= List of New Jersey area codes =

Numbering plan areas and area codes of New Jersey

The U.S. state of New Jersey is divided into six distinct geographic numbering plan areas (NPAs) in the North American Numbering Plan (NANP), which are served by a total of ten area codes. All but two of the numbering plan areas are overlay complexes with two area codes each.

| Area code | Installation year | Parent NPA | Overlay | Numbering plan area |
| 201 | 1947 | – | 201/551 | Northeastern New Jersey, primarily Bergen County and Hudson County |
| 551 | 2001 | 201 |
| 609 | 1956 | 201 | 609/640 | Trenton, Lawrenceville, Princeton, Medford, Atlantic City, Barnegat, Wildwood, Ocean City, Burlington, Cape May |
| 640 | 2018 | 609 |
| 732 | 1997 | 908 | 732/848 | Toms River, Edison, New Brunswick, Freehold, Red Bank, Woodbridge, Perth Amboy, Carteret |
| 848 | 2001 | 732 |
| 856 | 1999 | 609 | – | Camden, Cherry Hill, Glassboro, Vineland, Salem, Marlton, Clayton, Monroeville |
| 973 | 1997 | 201 | 862/973 | Essex County, Morris County, Passaic County, Sussex County, and small portions of Bergen and Hudson counties. |
| 862 | 2001 | 973 |
| 908 | 1991 | 201 | – | Elizabeth and Union County, Somerset County, Warren County, Hunterdon County, and parts of southern and western Morris County. |

In 1947, when the American Telephone and Telegraph Company (AT&T) devised the first continental telephone numbering plan, the entire state was a single numbering plan area, with area code 201, the first area code of the NANP.

New Jersey numbering plan areas as shown in the July 1963 NJ Bell telephone directory, when the use of the area code became mandatory.

In 1956, the southern half of New Jersey, with the state capital and the extended Philadelphia (PA) suburbs, was assigned area code 609, with a class-4 toll office closer to the corresponding toll traffic.
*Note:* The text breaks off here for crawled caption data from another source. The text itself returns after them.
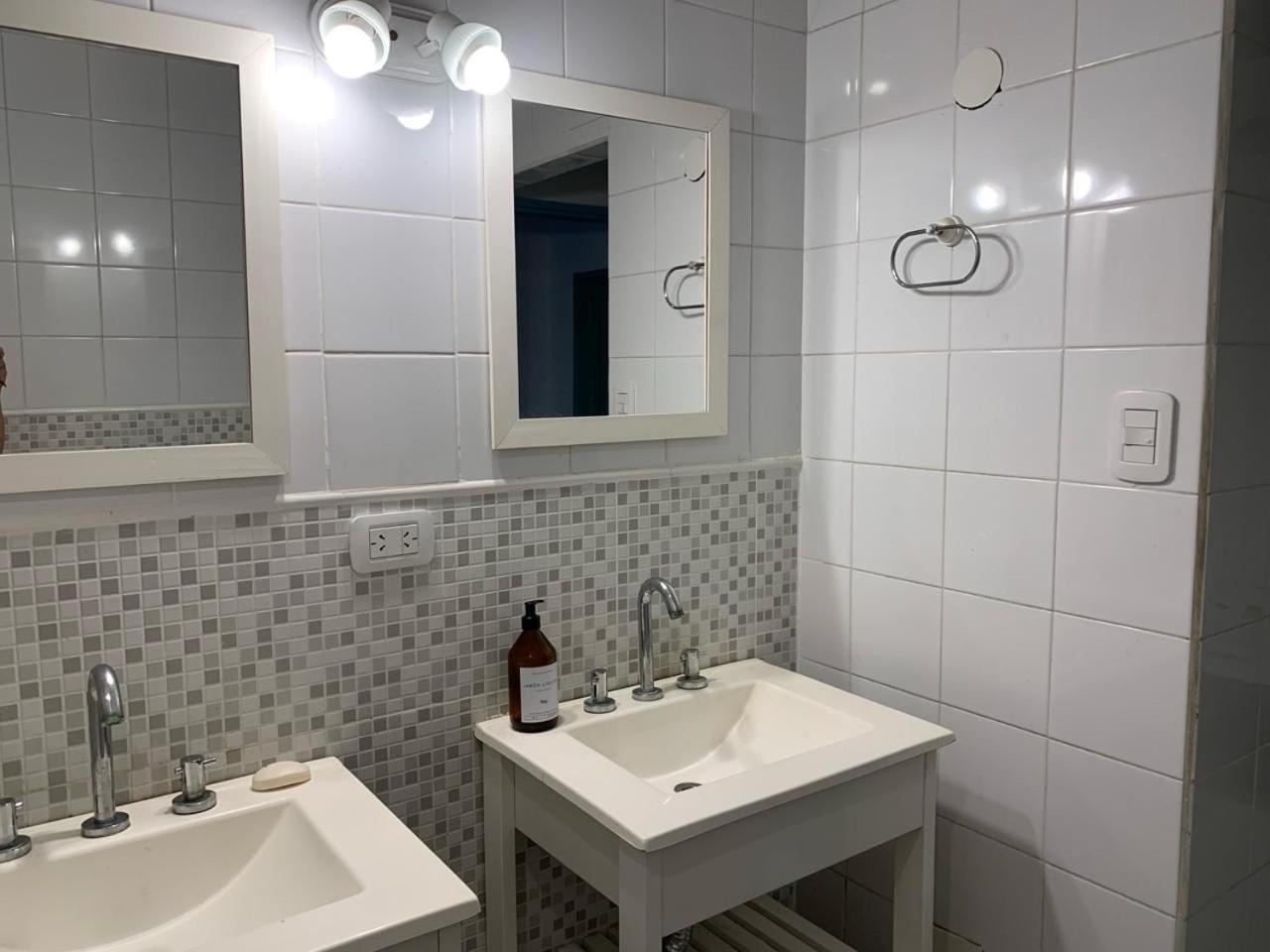 Holiday home Casa Maximo Confort Con Oficina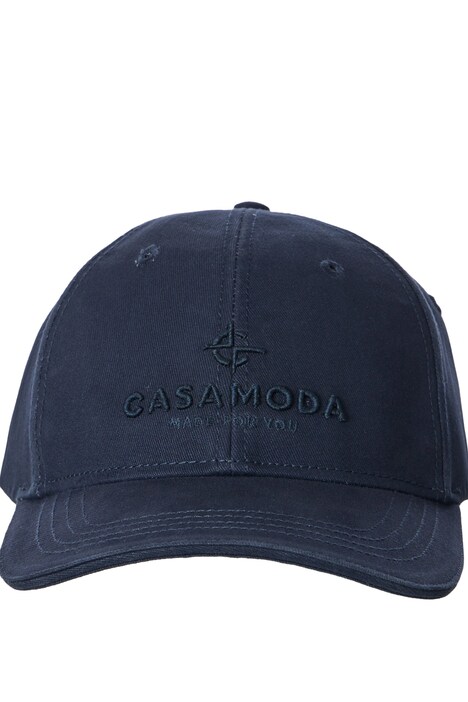 Cap uni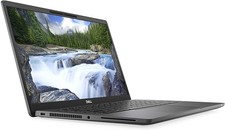 Dell Latitude 7420 Laptop 14” FHD Intel Core i5 16GB RAM 256GB SSD Windows 11 picture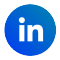 Follow Us On Linkedin Follow Us On Linkedin
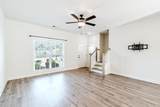 191 Harvard Dr - Photo 12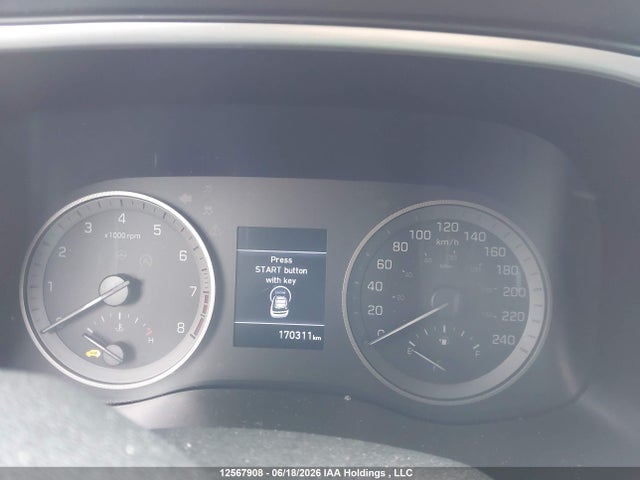 Aukcja sprzedaży 2021 Hyundai Tucson Limited/sel/sport/ultimate/value, vin: KM8J3CA48MU361646, numer aukcji: 12567908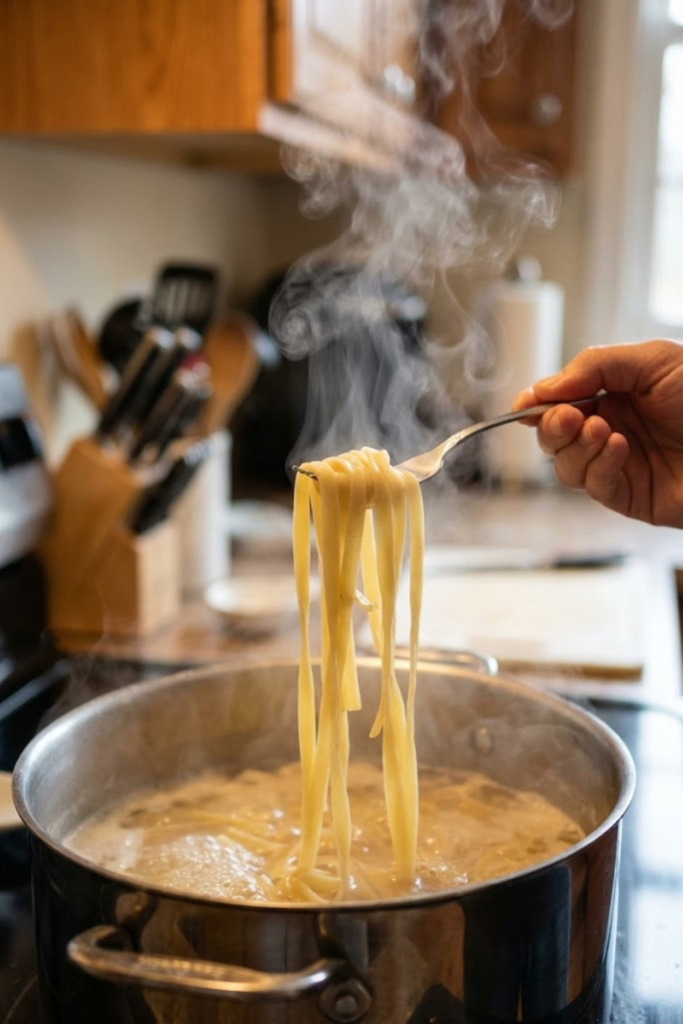 The Ultimate 2026 Spring Vegetable Pasta with Peas Recipe for a Fresh Weeknight Dinner 3 Untiteled Design 2 24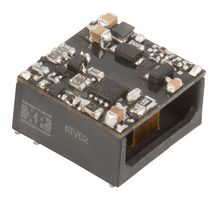 XP POWER ISV0212D12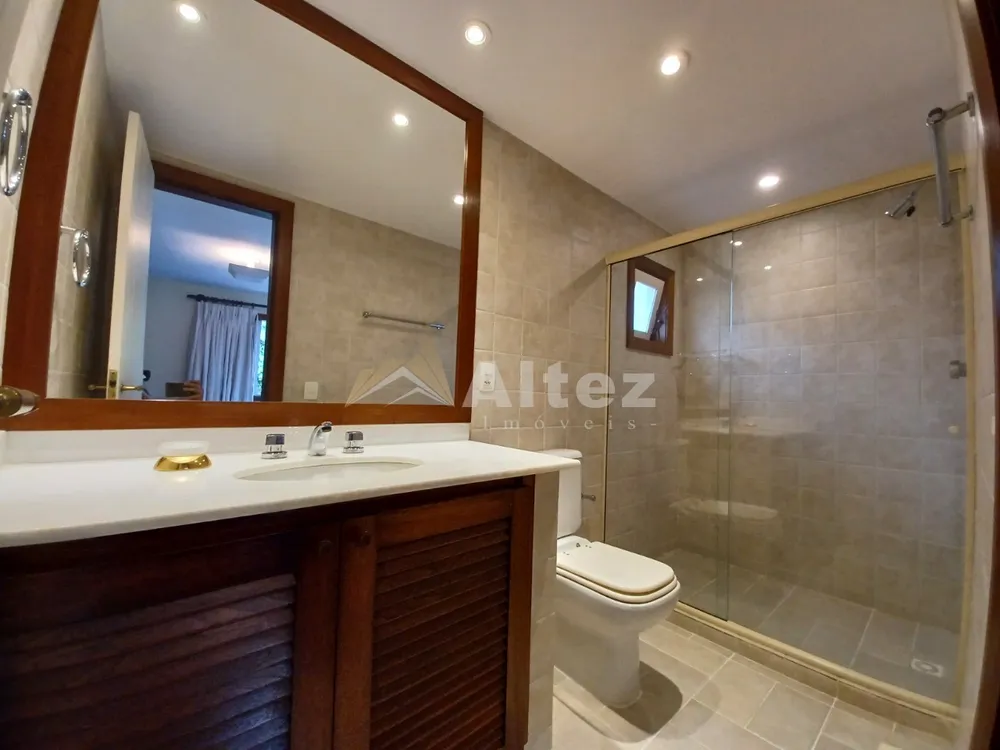 Casa, 4 quartos, 12000 m² - Foto 49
This separated the two population centers (Philadelphia suburbs, and New York City suburbs) into distinct call routing systems for out-of-state long-distance calls. However. until July 1963, New Jersey callers could dial any telephone in the state with seven-digit dialing, without using the area code. In July 1963 central office code protection was lifted and the use of the area code was mandatory when dialing out of the caller's numbering plan area.